Tips to make the exit process a positive experience

by the Southern Cross Team
Wednesday , 17 October 2018 - 3-4 minute read
A woman hugs a child

There is no such thing as zero turnover in business. Employees come into organisations and, for most, they leave when the time is right. Of course, the reasons for this are wide and varied: career progression, new opportunities, migration, redundancies to name a few.

For the vast majority of employees, leaving their employer is met with minimal fanfare. Most of us have worked in organisations where relatively well-known colleagues have left without us even realising!

From an employer’s perspective, there is merit and advantage in planning for employees who have decided to leave, or indeed for those leaving due to downsizing or restructure.

An employee leaving is somewhere between a predictable and unpredictable moment. There is notice that this is going to happen, but the circumstance are always unique. The experience is felt not only for the individual who has decided to pursue new opportunities, but also for those employees who remain.

Employees will leave – that is a given. And of course, they will provide notice so there is time to prepare. The circumstances and timing however are variables that should be considered carefully.

What is clear is that leaving the exit process to chance can lead to unintended consequences, the effects of which can linger long after departure.

Here are some tips worth considering:

  1. Explain why. Ensuring other employees know the real reason for someone’s departure is a critical component of modern transparent business culture. If this does not happen, employees will naturally fill in the gaps with speculation and rumours, the results of which can be damaging.
  2. Record exactly what they do. This is often very different from their official position description. We all develop new areas of responsibility as our roles evolve. There is nothing worse than an employee leaving and key processes failing as a result.
  3. Consider key relationships. A void can be left when key people leave. Regardless of the circumstances, consider those who have the closest working and personal relationships with the individual (this is not always as easy as it sounds). These employees will be affected by the departure and you will need to spend time with them to reassure them that the future is positive and that they are a key part of that future. Thought should also be given to key external relationships the individual may have.
  4. Respect the decision. All too often, when key employees decide to leave a business it can lead to a somewhat frosty working environment. The reasons for this are wide ranging – from the inability to overcome a disagreement to new opportunities at a competitor. Either way, the impact on the wider employee group can be disruptive and even destructive. The trick is to stay authentic, open and professional. Respect their decision and focus on a positive transition.
  5. Ask for their advice. Exit interviews are commonplace, however, there remains an opportunity to conduct this formal interaction in a different way. Rather than focusing on what went wrong or what could have changed, look to the future. Ask the employee to share their view on what might be changed or improved in the future. You’ll be surprised at the positive ideas that will be shared and the relationship with the employee will strengthen, both in the short term and post-employment.

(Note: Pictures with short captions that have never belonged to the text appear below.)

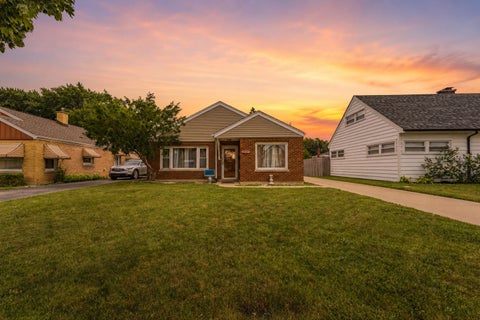 Photo of 8729 S California Street, Evergreen Park, IL 60805 (MLS # 12718734)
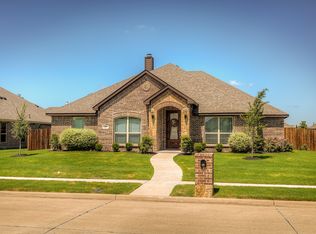 209 Winters Edge Dr, Red Oak, TX 75154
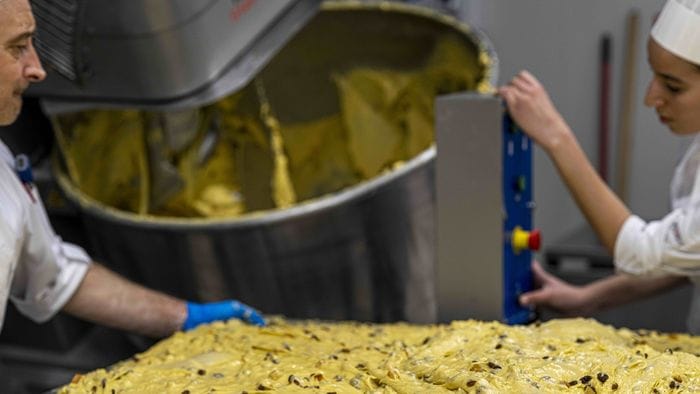 Boom di richieste di panettoni: DaV raddoppia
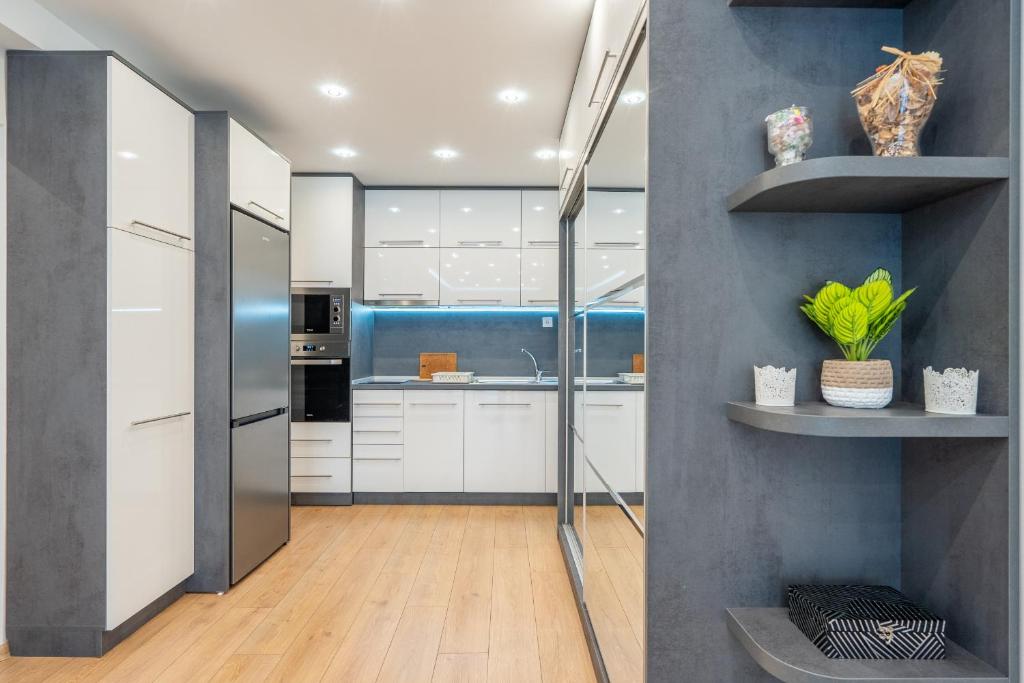 Zenith Apartment photo 2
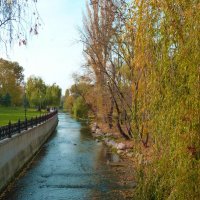 Осенний  Салгир :: Валентин Семчишин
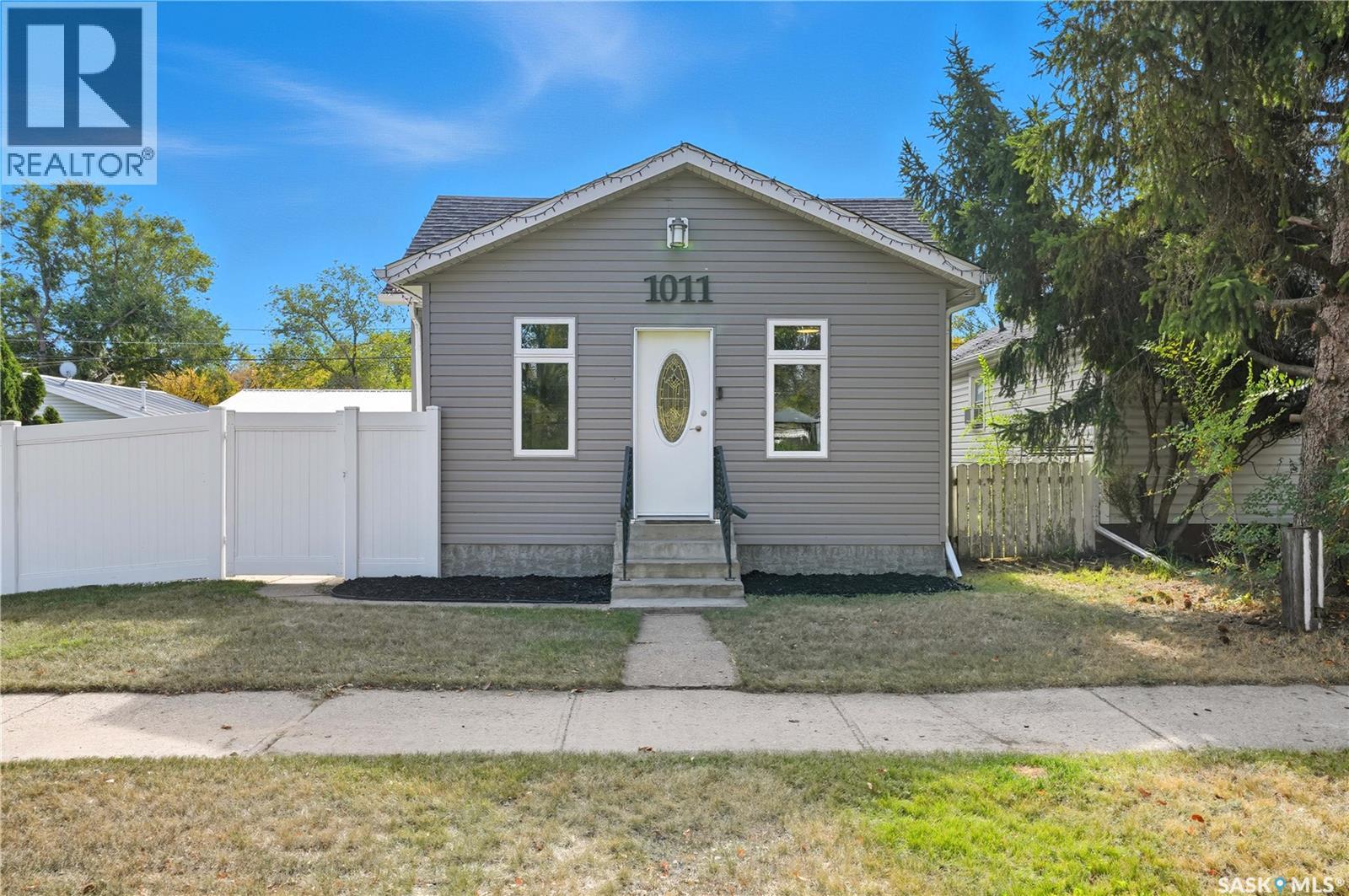 1011 Iroquois St W, Moose Jaw, SK S6H 5B7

Ultimately, business leaders need to consider what they need to do to achieve three different objectives: maintaining continuity in the business; creating a positive experience for remaining employees; and ensuring a positive relationship with the employee leaving the business.

Keep in mind that New Zealand is a small place – some even say a village. Getting these three objectives right will not only set the foundation for a successful transition and a growing business, but will also ensure that when you come across ex-employees in the future, their departure will be viewed in a positive light.

Having worked in experience design and strategy for the past decade, Matt brings a unique perspective on what he calls, Employee Experience. Matt has worked with organisations across the world connecting business strategy with deliberately designed customer and employee experience strategy. He uses his diverse background to push leaders beyond the obvious to make clear, commercially astute, strategic choices.